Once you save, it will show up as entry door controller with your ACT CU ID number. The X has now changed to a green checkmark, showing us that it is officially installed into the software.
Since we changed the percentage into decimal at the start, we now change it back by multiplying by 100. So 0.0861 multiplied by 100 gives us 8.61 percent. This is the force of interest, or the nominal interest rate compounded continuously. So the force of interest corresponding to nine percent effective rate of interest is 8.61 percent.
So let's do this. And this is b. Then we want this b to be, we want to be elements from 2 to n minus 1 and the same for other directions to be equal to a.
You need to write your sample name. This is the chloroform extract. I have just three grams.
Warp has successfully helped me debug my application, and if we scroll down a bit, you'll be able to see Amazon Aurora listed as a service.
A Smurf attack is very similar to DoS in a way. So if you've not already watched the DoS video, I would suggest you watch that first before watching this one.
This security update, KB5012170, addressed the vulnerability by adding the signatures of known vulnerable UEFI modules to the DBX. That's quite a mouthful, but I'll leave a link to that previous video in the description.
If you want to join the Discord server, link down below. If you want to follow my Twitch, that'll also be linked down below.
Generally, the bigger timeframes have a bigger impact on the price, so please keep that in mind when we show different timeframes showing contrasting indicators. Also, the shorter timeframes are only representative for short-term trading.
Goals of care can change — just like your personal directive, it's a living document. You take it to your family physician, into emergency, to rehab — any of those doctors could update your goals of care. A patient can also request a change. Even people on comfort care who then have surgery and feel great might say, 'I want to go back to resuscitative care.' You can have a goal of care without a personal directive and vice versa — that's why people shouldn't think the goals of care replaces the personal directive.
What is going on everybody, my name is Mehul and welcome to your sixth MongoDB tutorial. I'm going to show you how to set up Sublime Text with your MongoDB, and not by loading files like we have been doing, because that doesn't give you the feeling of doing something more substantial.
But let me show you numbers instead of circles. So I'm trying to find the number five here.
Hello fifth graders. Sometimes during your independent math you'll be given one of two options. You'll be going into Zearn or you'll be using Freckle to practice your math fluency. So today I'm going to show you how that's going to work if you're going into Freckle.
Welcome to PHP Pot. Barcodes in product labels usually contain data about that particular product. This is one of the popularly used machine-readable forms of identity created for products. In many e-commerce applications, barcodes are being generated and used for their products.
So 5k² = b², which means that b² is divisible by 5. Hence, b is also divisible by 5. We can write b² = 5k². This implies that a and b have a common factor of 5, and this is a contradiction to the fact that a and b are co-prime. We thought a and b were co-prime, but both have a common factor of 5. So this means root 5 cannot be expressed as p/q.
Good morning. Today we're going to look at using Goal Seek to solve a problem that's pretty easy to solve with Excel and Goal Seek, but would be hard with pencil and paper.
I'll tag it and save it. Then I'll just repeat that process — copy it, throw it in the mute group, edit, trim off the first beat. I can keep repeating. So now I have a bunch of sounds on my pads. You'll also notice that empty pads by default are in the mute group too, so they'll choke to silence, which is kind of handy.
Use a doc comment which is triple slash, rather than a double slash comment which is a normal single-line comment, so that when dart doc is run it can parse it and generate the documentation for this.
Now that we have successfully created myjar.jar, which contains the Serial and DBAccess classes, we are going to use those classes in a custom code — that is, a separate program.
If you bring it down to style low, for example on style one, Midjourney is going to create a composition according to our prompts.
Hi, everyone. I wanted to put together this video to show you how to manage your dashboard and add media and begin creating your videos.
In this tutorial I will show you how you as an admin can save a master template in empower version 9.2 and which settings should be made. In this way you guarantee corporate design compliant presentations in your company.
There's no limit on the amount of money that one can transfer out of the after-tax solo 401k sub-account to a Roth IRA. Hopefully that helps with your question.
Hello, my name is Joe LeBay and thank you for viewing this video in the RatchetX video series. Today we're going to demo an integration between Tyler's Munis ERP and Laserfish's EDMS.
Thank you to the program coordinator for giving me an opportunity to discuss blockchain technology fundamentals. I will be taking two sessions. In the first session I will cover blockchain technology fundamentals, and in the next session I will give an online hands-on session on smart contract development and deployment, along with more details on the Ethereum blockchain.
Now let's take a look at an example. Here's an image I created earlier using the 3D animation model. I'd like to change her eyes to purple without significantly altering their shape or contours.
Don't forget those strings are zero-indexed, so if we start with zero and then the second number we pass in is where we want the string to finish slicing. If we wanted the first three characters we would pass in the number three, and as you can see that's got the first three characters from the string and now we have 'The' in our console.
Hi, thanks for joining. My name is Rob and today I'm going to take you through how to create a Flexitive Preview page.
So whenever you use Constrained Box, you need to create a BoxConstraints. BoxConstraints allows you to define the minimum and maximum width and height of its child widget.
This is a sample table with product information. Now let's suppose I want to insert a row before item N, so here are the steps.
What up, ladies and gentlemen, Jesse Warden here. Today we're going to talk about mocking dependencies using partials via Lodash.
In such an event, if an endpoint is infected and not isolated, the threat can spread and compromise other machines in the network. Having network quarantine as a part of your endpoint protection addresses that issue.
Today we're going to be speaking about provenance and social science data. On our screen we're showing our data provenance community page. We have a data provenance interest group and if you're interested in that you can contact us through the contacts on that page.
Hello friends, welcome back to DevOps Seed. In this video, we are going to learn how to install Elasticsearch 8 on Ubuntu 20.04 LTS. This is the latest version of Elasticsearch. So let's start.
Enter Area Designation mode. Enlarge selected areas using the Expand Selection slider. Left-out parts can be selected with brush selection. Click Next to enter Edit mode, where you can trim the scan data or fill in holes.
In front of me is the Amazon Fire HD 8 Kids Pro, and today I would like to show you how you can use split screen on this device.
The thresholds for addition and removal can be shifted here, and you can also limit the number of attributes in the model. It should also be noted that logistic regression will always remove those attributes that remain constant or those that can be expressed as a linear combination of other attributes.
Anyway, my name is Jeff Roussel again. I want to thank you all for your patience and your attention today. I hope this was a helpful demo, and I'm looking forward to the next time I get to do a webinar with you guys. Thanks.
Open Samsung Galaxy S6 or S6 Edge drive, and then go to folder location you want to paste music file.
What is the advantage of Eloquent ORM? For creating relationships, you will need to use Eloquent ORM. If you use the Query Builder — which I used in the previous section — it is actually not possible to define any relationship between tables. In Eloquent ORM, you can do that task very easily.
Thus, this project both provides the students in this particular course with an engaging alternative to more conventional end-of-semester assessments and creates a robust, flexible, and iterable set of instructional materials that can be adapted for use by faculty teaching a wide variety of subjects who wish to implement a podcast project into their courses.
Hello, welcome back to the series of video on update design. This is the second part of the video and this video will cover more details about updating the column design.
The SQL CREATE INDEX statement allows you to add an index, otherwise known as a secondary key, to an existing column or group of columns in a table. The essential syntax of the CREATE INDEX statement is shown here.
──────
Given the data above, which lines hold the string "sample"? Return them.

You need to write your sample name. This is the chloroform extract. I have just three grams.
This is a sample table with product information. Now let's suppose I want to insert a row before item N, so here are the steps.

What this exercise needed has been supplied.